* [Exercise data]:

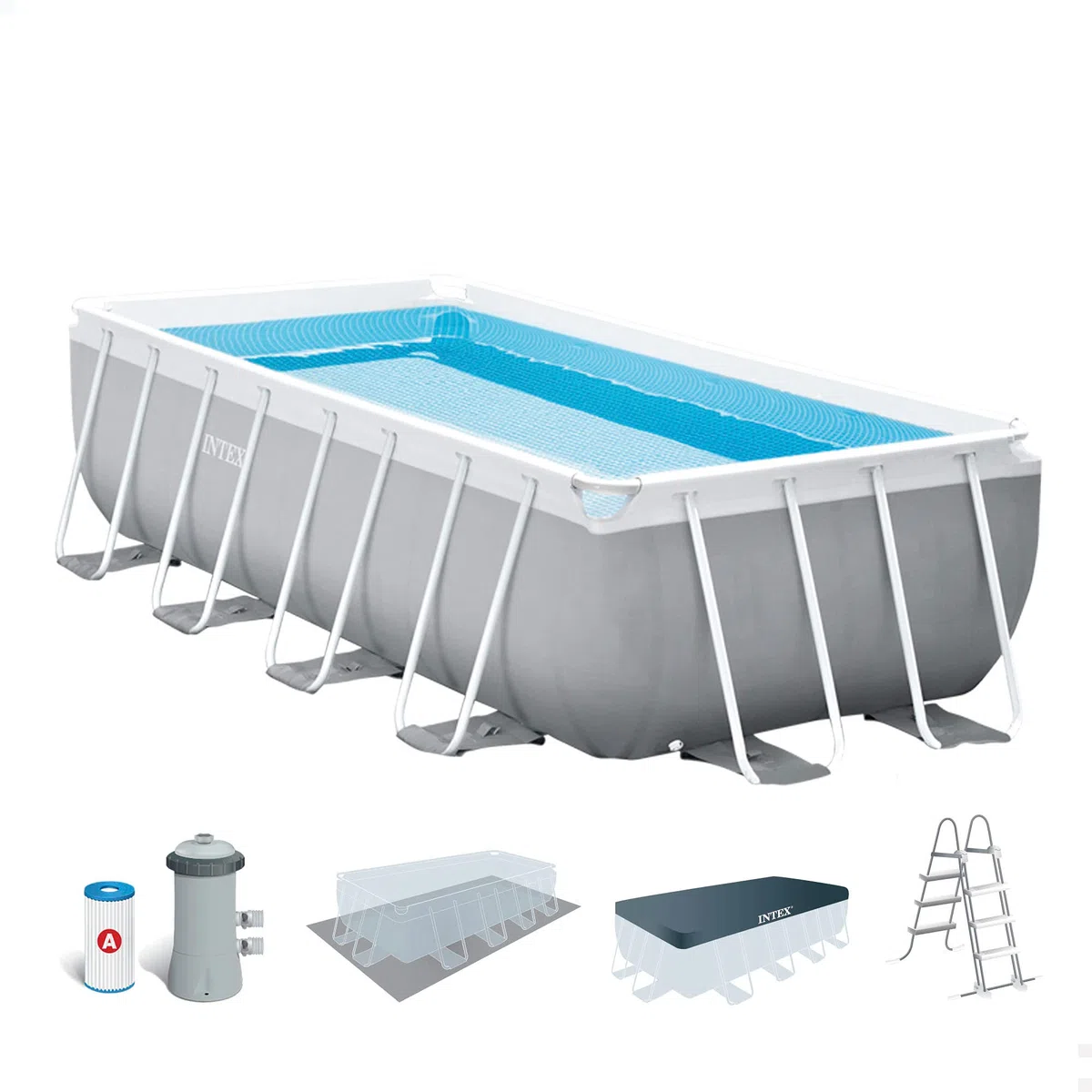 Intex 26792NP – Piscina Fuori Terra Prisma Frame Rettangolare, Pompa Filtro 3785 L/h & 26644 – Pompa Filtro a Sabbia Krystal Clear, Flusso d'Acqua 5700 L/h, Flusso di Sistema 4000 L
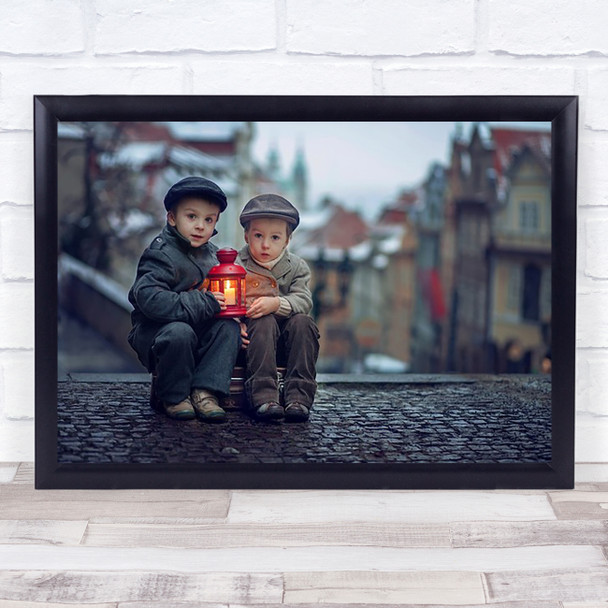 Twilight Light Cute Lamp Lantern Candle Flame Warm Kids Children Wall Art Print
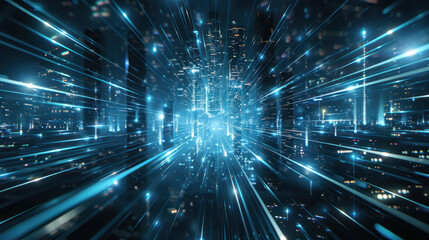 Obraz premium Futuristic Cityscape With Lines and Lights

* [What needs to be done]: Print the lines from the line containing "Twilight Light Cute" through the last line of the listing, exactly as they stand, and leave any pictures out.

* [Task response]:
 Twilight Light Cute Lamp Lantern Candle Flame Warm Kids Children Wall Art Print
 Obraz premium Futuristic Cityscape With Lines and Lights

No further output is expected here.